Her mom is fine now and is mad as hell at my friend. I've been in her shoes as the daughter of an angry, suicidal mother and it hurts to watch her go through this. It hurts almost too much to be considered a supportive friend. I have since told her that I have been through situations similar to what she is going through and I honestly thought that would be the end of my help for her in this ordeal.

But it didn't stop there and now I'm walking through this with a friend I hardly know, albeit I'm getting to know her better, and my own feelings are so strong that my chest hurts.
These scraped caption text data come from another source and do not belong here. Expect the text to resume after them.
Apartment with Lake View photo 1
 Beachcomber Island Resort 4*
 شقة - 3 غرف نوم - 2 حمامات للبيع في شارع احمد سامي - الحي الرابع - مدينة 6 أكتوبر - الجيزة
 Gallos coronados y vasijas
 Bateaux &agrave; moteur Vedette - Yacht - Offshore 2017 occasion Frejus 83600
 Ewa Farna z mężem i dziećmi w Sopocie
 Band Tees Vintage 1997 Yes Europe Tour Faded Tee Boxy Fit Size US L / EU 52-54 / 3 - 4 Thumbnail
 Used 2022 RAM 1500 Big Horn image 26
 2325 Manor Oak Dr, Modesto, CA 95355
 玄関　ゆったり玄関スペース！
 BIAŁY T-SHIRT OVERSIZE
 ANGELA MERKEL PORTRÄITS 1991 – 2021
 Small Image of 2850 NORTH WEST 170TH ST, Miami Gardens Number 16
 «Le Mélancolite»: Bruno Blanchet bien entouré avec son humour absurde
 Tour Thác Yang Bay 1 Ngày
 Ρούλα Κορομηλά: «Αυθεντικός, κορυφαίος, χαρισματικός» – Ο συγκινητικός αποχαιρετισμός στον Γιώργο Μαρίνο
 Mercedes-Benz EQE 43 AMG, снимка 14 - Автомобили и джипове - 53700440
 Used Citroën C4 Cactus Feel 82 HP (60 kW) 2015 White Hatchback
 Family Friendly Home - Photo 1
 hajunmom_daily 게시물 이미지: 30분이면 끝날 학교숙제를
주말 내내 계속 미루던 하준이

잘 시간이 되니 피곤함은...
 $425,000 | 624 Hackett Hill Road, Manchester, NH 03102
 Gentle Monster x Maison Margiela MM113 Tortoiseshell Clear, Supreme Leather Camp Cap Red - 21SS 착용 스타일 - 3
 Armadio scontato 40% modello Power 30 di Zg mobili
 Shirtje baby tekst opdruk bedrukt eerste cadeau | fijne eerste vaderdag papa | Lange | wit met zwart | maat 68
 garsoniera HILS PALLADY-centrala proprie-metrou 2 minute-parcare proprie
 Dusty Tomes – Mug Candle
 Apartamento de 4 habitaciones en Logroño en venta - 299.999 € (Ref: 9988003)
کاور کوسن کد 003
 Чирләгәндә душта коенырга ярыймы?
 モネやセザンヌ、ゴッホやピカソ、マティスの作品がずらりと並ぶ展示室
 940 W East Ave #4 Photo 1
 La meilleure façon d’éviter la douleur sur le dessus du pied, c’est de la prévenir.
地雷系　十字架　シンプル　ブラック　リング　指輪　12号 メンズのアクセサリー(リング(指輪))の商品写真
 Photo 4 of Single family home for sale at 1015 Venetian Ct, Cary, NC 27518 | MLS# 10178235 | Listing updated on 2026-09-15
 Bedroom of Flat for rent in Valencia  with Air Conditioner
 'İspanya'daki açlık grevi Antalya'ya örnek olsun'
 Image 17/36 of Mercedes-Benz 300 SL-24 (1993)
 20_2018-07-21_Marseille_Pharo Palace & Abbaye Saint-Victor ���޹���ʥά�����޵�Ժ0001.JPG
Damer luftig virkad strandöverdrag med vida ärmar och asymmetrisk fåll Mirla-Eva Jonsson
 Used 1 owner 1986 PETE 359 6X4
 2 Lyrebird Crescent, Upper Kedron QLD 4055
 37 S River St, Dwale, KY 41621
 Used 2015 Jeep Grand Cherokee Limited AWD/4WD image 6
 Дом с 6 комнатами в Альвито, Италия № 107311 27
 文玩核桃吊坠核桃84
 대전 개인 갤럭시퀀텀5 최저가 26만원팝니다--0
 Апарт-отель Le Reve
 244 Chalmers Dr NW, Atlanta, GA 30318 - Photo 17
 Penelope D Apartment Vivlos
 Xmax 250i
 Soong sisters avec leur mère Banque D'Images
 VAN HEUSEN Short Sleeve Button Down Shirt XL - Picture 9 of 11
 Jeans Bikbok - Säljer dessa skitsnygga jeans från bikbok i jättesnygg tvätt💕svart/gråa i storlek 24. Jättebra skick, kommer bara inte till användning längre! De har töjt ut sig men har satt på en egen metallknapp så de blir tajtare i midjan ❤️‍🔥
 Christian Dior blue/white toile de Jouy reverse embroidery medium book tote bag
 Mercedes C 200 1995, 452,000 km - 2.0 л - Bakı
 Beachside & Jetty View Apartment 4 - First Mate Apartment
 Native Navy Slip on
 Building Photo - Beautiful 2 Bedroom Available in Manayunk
I haven't been able to actually sort out the exact words for these feelings; all I can say is that suicide is an awful solution to any problem. It doesn't just hurt the person who is making the attempt...

Almost selfishly, this events of this week have pulled a few of my own scabs off. I want to tell my friend exactly what I think about her mother's actions but I know that would not be helpful or healthy. But as I type this I'm surprised by my anger towards my friend's mother and I wonder why I can't seem to be angry about my own situation.

Saturday, July 18, 2009

Failed

At the risk of sounding completely crazy... I see dead people. I know there's some sort of psycho-babble term for it; "ghosting" or something of that sort. So if it has a term then perhaps I'm not completely crazy. Right?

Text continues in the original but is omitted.